Avec un tel poids dans l'économie mondiale, les banques ont un rôle majeur à jouer si on veut atteindre l'objectif de la neutralité carbone à l'horizon 2050 et conserver un changement climatique supportable. En sélectionnant leurs placements financiers, elles influent directement sur la mise en œuvre des objectifs de l'Accord de Paris et elles peuvent donc faire pencher la balance vers les vrais acteurs du développement durable. Un choix pris par La Banque Postale en 2021 afin de ne plus financer les énergies fossiles dès 2030, mais aussi par le Crédit Coopératif, la NEF, Helios et de nombreuses banques vertes apparues ces dernières années.

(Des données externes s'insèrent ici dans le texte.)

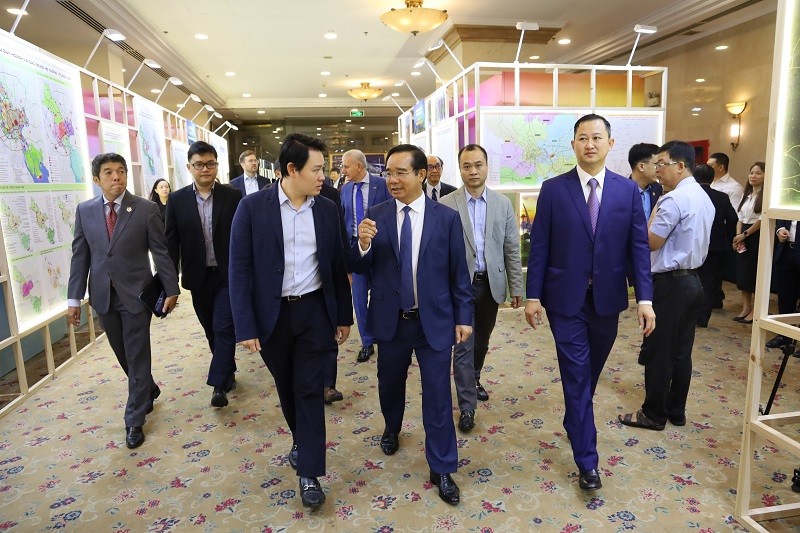 Chủ tịch UBND TP.HCM Nguyễn Văn Được trao đổi với doanh nghiệp bên lề hội nghị - Ảnh: P.Q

Au-delà de la contribution à l'effort général, elles mettent en valeur leur image auprès des usagers, des entreprises cibles et des investisseurs, se démarquant ainsi de la concurrence. Plus d'attractivité signifie plus de retombées financières. D'autant plus que les banques font partie des sociétés qui ont l'obligation de publier leur bilan des émissions de gaz à effet de serre (BEGES) dans leur déclaration de performance extra-financière (DPEF).Enfin, toutes les actions menées pour réduire leur impact environnemental les rapprocheront des directives nationales, européennes et internationales avec l'obtention d'un label et/ou de subventions et valorisations (Pacte Vert Européen…).
Après avoir réduit les émissions de leur activité, les sociétés bancaires peuvent compenser les émissions irréductibles, qu'elles soient directes, indirectes ou financées. La première solution de compensation carbone est la contribution à des projets de développement durable. Pour cela, les banques ont accès au marché de conformité du carbone de l'ONU.
Décliné en mécanisme de développement propre (MDP) et en mise en œuvre conjointe (MOC), il permet aux grandes entreprises d'obtenir des crédits carbone (un crédit carbone est égal à une tonne équivalent CO2) en échange de financement sur des projets reconnus, puis de les échanger, notamment sur le Système Communautaire d'Échange de Quotas d'Émissions (en anglais EU-ETS : European Union Emission Trading Scheme).
Au-delà de ce dispositif, les banques qui veulent s'engager davantage peuvent également compenser leurs émissions carbone sur le marché de compensation volontaire, ouvert à tous. En revanche, les crédits carbone acquis ne sont pas échangeables sur le marché des quotas de l'ONU, mais ils le sont via des labels nationaux (label Bas carbone, Climate Action Reserve…) ou des labels internationaux (label Gold Standard, Verified Carbon Standard, Climate Community & Biodiversity, Australian Carbon Credit Units…).
Ce procédé a déjà été choisi par le Crédit Agricole et LCL en France, afin de compenser les émissions résiduelles du placement financier. Il existe aussi de nombreuses ONG qui ne délivrent pas de crédit carbone lors de financement de projets durables mais une certification, tout aussi intéressante pour la banque soucieuse de son impact environnemental et de son image. Enfin, certaines banques proposent à leurs usagers de participer activement à la démarche de compensation carbone en les incitant à compenser leurs opérations bancaires par le financement de projets liés aux énergies bas carbone ou en adaptant les offres commerciales vers des investissements verts (green bonds…).